***** Data for processing *****

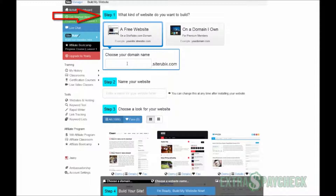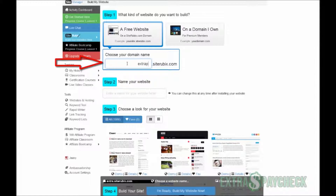Step number one: choose a free website. Here we're going to choose the address for our website. You could type something relevant to your niche — something relevant to the subject of the website you're going to build. So you could type something like 'best running shoes' or 'dog training.' I'm going to type 'extra paycheck' because that's the name of my blog, and you can see that this domain name is available — perfect.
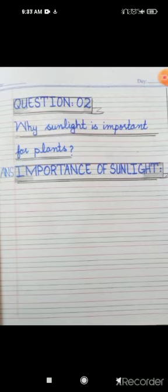Now come to question number two: why is sunlight important for plants? It's a very general question and you can find the answer from your shared unit pages. Write down question number two heading with blue pointer, then write the question: 'why is sunlight important for plants?' Then make a heading for your answer — for example, 'importance of sunlight' — and start writing your answer just beneath the heading.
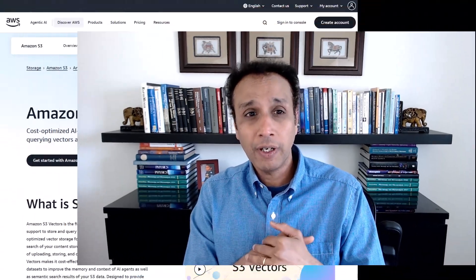Hello, everyone. I want to briefly talk about AWS S3 Vectors that recently got introduced, in fact, in July 2025.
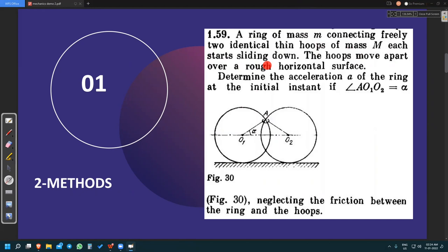The hoops move apart over a rough horizontal surface. They have given that it's a rough horizontal surface, and we need to determine the acceleration A of the ring at the initial instant. They are asking for the acceleration of the small bead at the very first instant after the motion starts, and they have given this angle as alpha. Also, we need to neglect the friction between the small bead and the large rings.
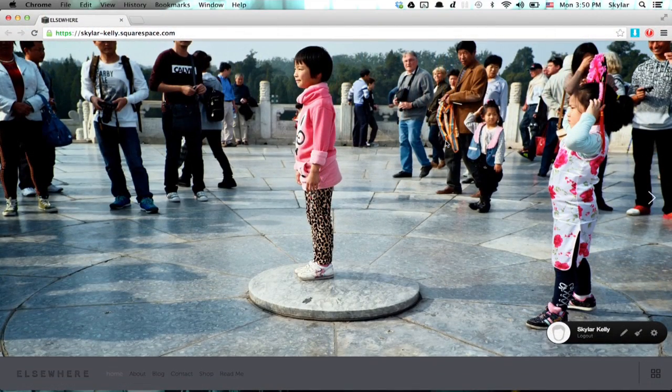That's how you exit full screen mode in Google Chrome on a Mac. Thanks for watching. I'm Skyler.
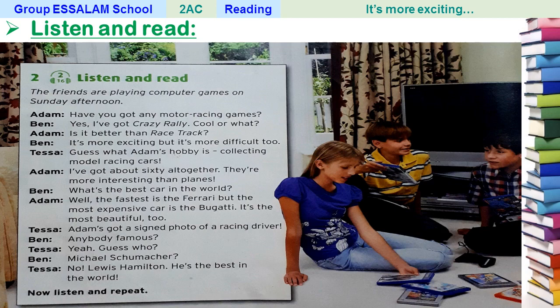Adam: Have you got any motor racing games? Ben: Yes, I have got Crazy Rally. Adam: Cool! Is it better than Race Track? Ben: It's more exciting, but it's more difficult too. Taza: Guess what Adam's hobby is — collecting motor racing cars! Adam: I have got about 60 altogether; they are more interesting than planes. Ben: What's the best car in the world? Adam: Well, the fastest is the Ferrari, but the most expensive car is the Bugatti — it's the most beautiful too.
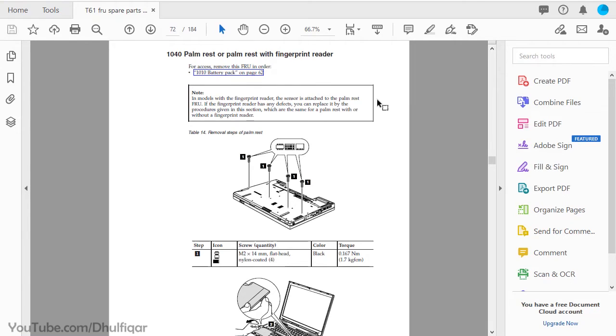In this video I'll show you how to save only one page from a PDF file as an image in Adobe Acrobat Pro 2020.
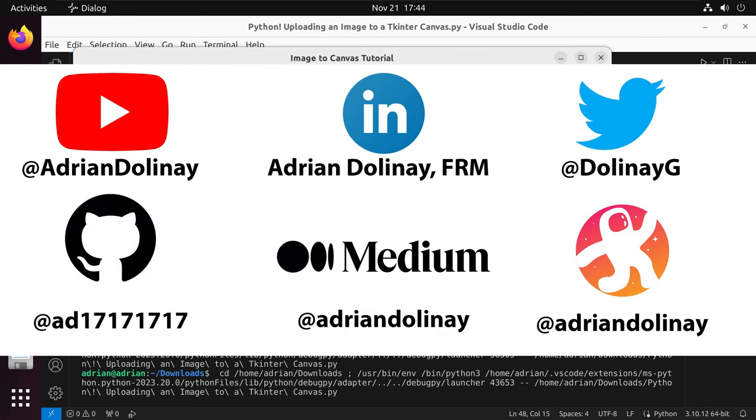Thanks everyone for watching. I hope that this video was helpful. If you found the video helpful, feel free to like and subscribe. You can also connect with me on LinkedIn, Twitter, GitHub, Medium, and Odyssey. Thanks again, everyone, and happy coding.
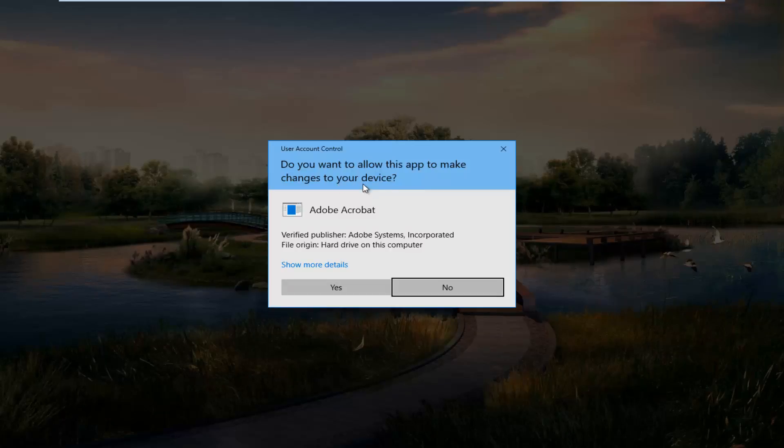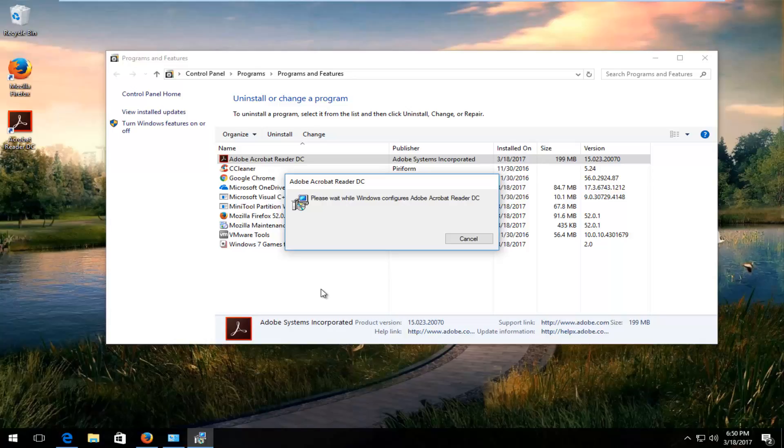If you receive a User Account Control window asking 'Do you want to allow this app to make changes to your device?', select Yes. It will take a moment, so just be patient.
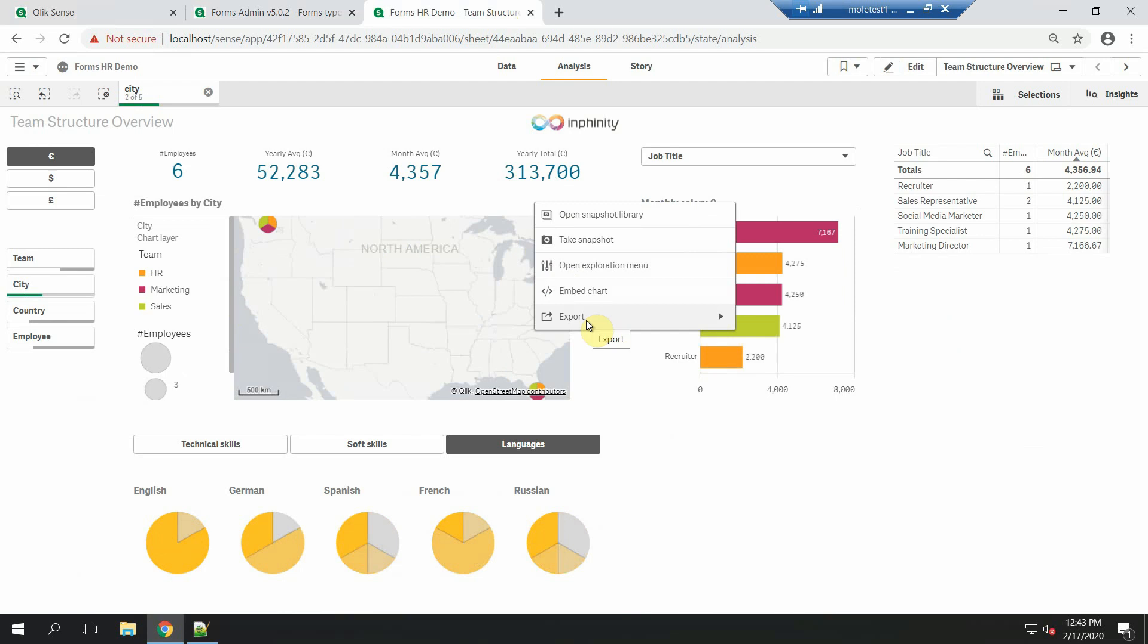I can export it and send it via email, but I really don't want to share sensitive information about our employees via email. So I have a better idea.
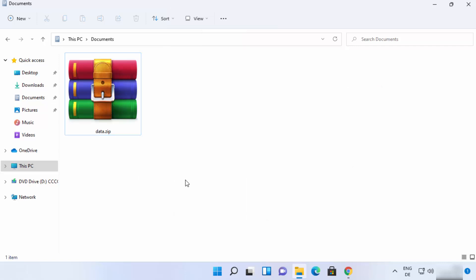So this is how you can download and install 7-zip on your Windows 11 operating system. I hope you've enjoyed this video and I will see you in the next video.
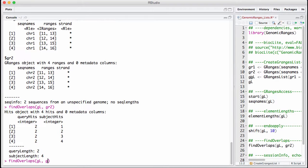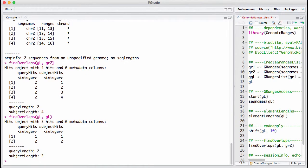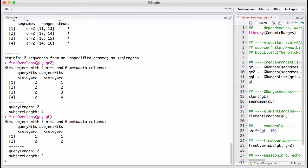In the same way, we can do findOverlaps between the two gRangers lists. This is not too interesting. Everything hits each other. But this is kind of a very natural way of using findOverlaps for gRangers lists. But it's a little bit different from what happens with gRangers.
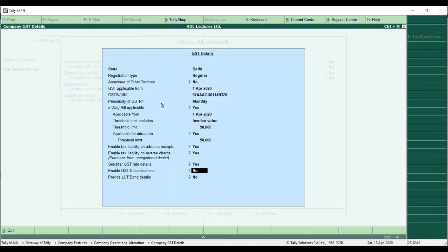The next option is Enable GST Classification. This is very important because in GST there are different types of transactions, such as deemed export, supply to interstate or intrastate unregistered persons, and others. If you want these classified separately, click Yes — then whenever you enter a transaction it will ask for the nature of transaction and classify it accordingly.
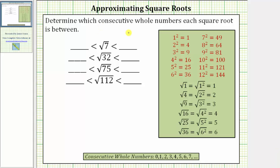We are asked to determine which consecutive whole numbers each square root is between. Looking at the given square roots, notice how the radicands, or the numbers under these square roots, are not perfect squares, and therefore these square roots will not simplify perfectly to whole numbers.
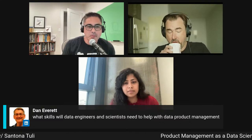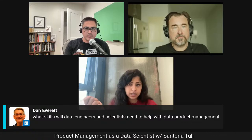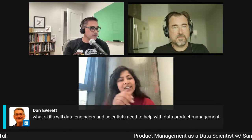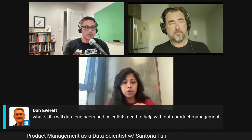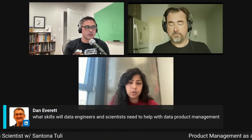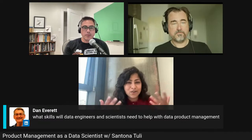Dan asks: what skills will data engineers and scientists need to help with data product management? I wanted to talk about a few different things: putting on the product manager hat when building an ML-based product where end users are just normal people; being a product-minded person on an analytics team where your users are other internal teams; and being in the data tooling space — those are all a little different. Data products is a term we have to handle carefully.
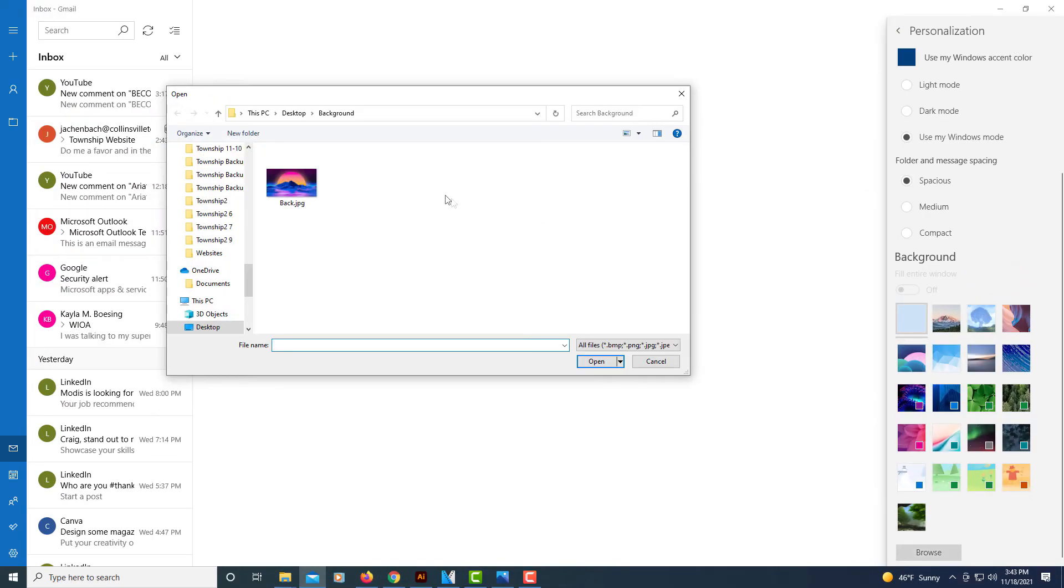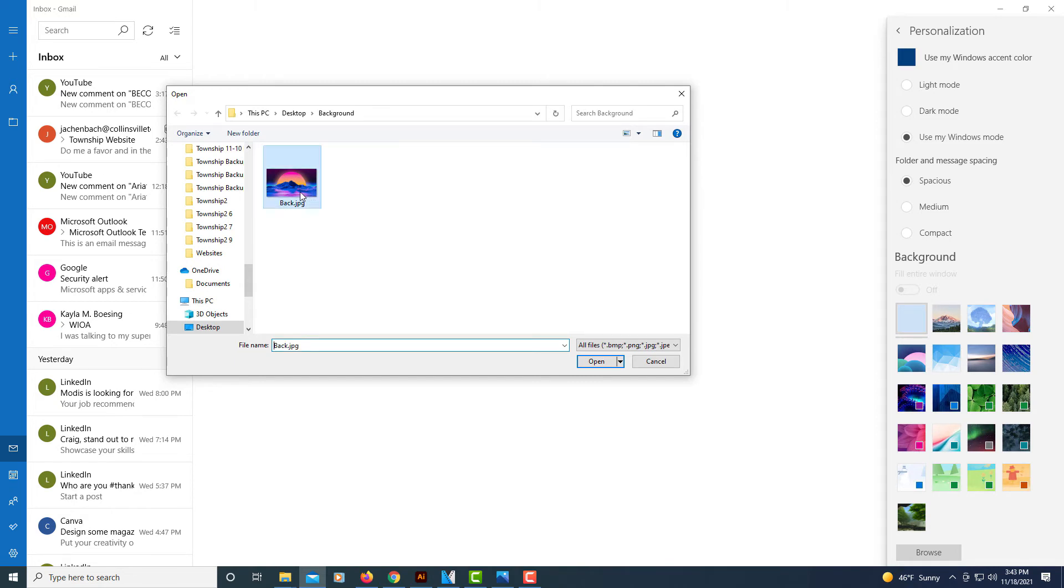Now locate the image you want to use on your computer. I'm going to use this one right here. I'm going to click on it, select it, then I'm going to click open.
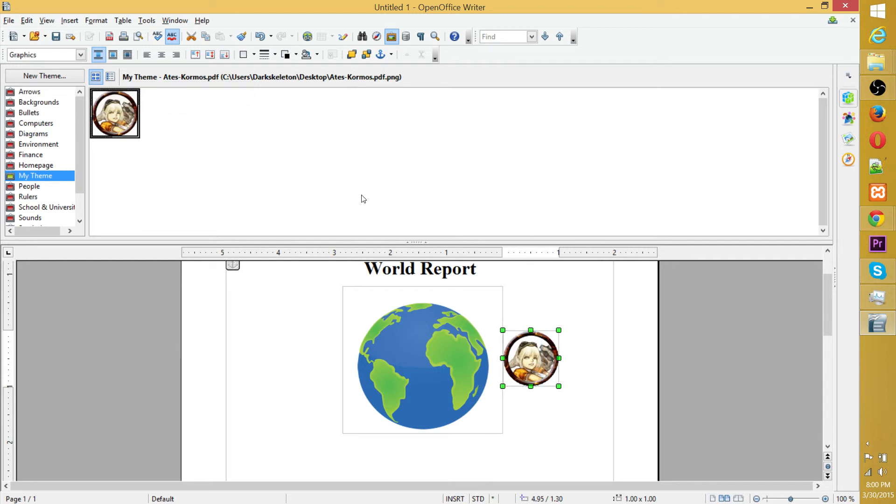And that's pretty much all there is to galleries. It's very helpful to have all of those images accessible to you, especially if you're trying to put together something that needs to look nicer than just text on a screen.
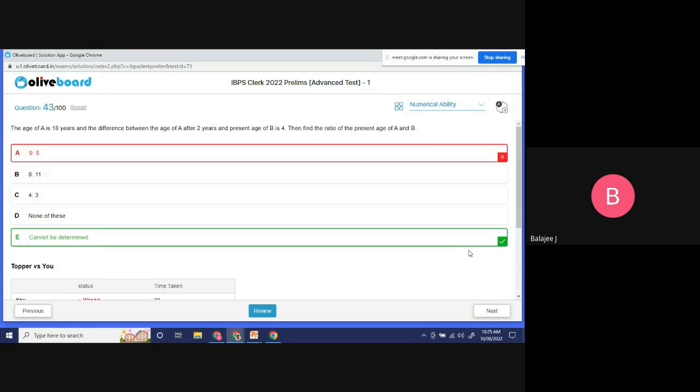You will have 20 seconds. Right, now we will move on. I will close this and go to the next one.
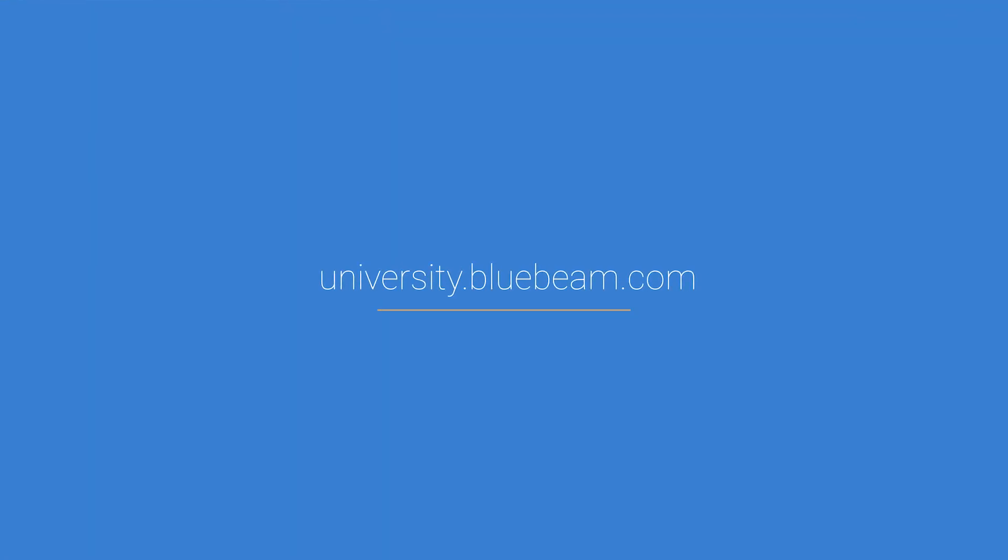Thanks for being with us today. To learn more, visit university.bluebeam.com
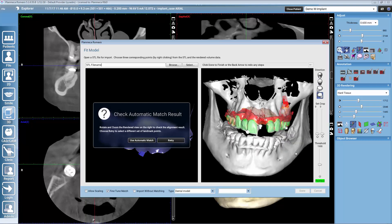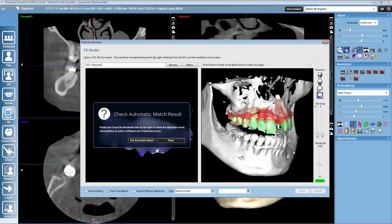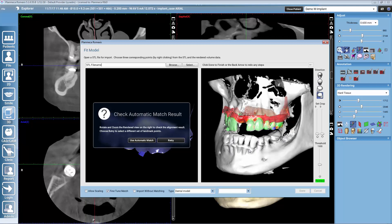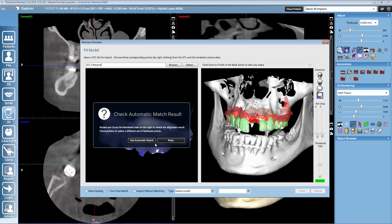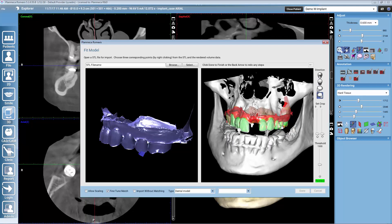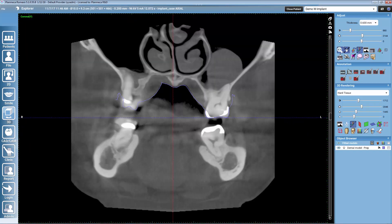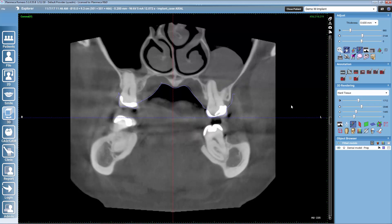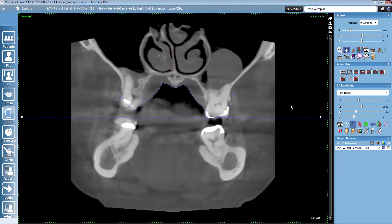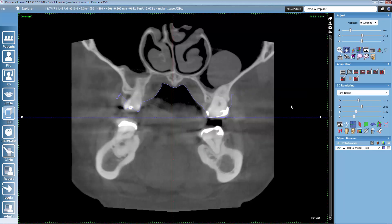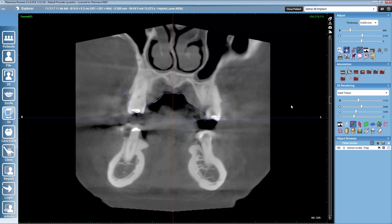Romexis shows a deviation map. When the crowns are green and the gingiva is red, the match should be good. We select to use automatic match and then we verify the match, for example from the coronal view, by scrolling and checking the fit of the STL model to the CBCT volume.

*****

* _Aim of the task_: An exact copy of all the lines above is required, with the pictures removed.

* _Answer below_:
Step number one: choose a free website. Here we're going to choose the address for our website. You could type something relevant to your niche — something relevant to the subject of the website you're going to build. So you could type something like 'best running shoes' or 'dog training.' I'm going to type 'extra paycheck' because that's the name of my blog, and you can see that this domain name is available — perfect.
Now come to question number two: why is sunlight important for plants? It's a very general question and you can find the answer from your shared unit pages. Write down question number two heading with blue pointer, then write the question: 'why is sunlight important for plants?' Then make a heading for your answer — for example, 'importance of sunlight' — and start writing your answer just beneath the heading.
Hello, everyone. I want to briefly talk about AWS S3 Vectors that recently got introduced, in fact, in July 2025.
The hoops move apart over a rough horizontal surface. They have given that it's a rough horizontal surface, and we need to determine the acceleration A of the ring at the initial instant. They are asking for the acceleration of the small bead at the very first instant after the motion starts, and they have given this angle as alpha. Also, we need to neglect the friction between the small bead and the large rings.
That's how you exit full screen mode in Google Chrome on a Mac. Thanks for watching. I'm Skyler.
Adam: Have you got any motor racing games? Ben: Yes, I have got Crazy Rally. Adam: Cool! Is it better than Race Track? Ben: It's more exciting, but it's more difficult too. Taza: Guess what Adam's hobby is — collecting motor racing cars! Adam: I have got about 60 altogether; they are more interesting than planes. Ben: What's the best car in the world? Adam: Well, the fastest is the Ferrari, but the most expensive car is the Bugatti — it's the most beautiful too.
In this video I'll show you how to save only one page from a PDF file as an image in Adobe Acrobat Pro 2020.
Thanks everyone for watching. I hope that this video was helpful. If you found the video helpful, feel free to like and subscribe. You can also connect with me on LinkedIn, Twitter, GitHub, Medium, and Odyssey. Thanks again, everyone, and happy coding.
If you receive a User Account Control window asking 'Do you want to allow this app to make changes to your device?', select Yes. It will take a moment, so just be patient.
I can export it and send it via email, but I really don't want to share sensitive information about our employees via email. So I have a better idea.
So this is how you can download and install 7-zip on your Windows 11 operating system. I hope you've enjoyed this video and I will see you in the next video.
In the same way, we can do findOverlaps between the two gRangers lists. This is not too interesting. Everything hits each other. But this is kind of a very natural way of using findOverlaps for gRangers lists. But it's a little bit different from what happens with gRangers.
The next option is Enable GST Classification. This is very important because in GST there are different types of transactions, such as deemed export, supply to interstate or intrastate unregistered persons, and others. If you want these classified separately, click Yes — then whenever you enter a transaction it will ask for the nature of transaction and classify it accordingly.
We are asked to determine which consecutive whole numbers each square root is between. Looking at the given square roots, notice how the radicands, or the numbers under these square roots, are not perfect squares, and therefore these square roots will not simplify perfectly to whole numbers.
Dan asks: what skills will data engineers and scientists need to help with data product management? I wanted to talk about a few different things: putting on the product manager hat when building an ML-based product where end users are just normal people; being a product-minded person on an analytics team where your users are other internal teams; and being in the data tooling space — those are all a little different. Data products is a term we have to handle carefully.
Now locate the image you want to use on your computer. I'm going to use this one right here. I'm going to click on it, select it, then I'm going to click open.
And that's pretty much all there is to galleries. It's very helpful to have all of those images accessible to you, especially if you're trying to put together something that needs to look nicer than just text on a screen.
You will have 20 seconds. Right, now we will move on. I will close this and go to the next one.
Thanks for being with us today. To learn more, visit university.bluebeam.com
Romexis shows a deviation map. When the crowns are green and the gingiva is red, the match should be good. We select to use automatic match and then we verify the match, for example from the coronal view, by scrolling and checking the fit of the STL model to the CBCT volume.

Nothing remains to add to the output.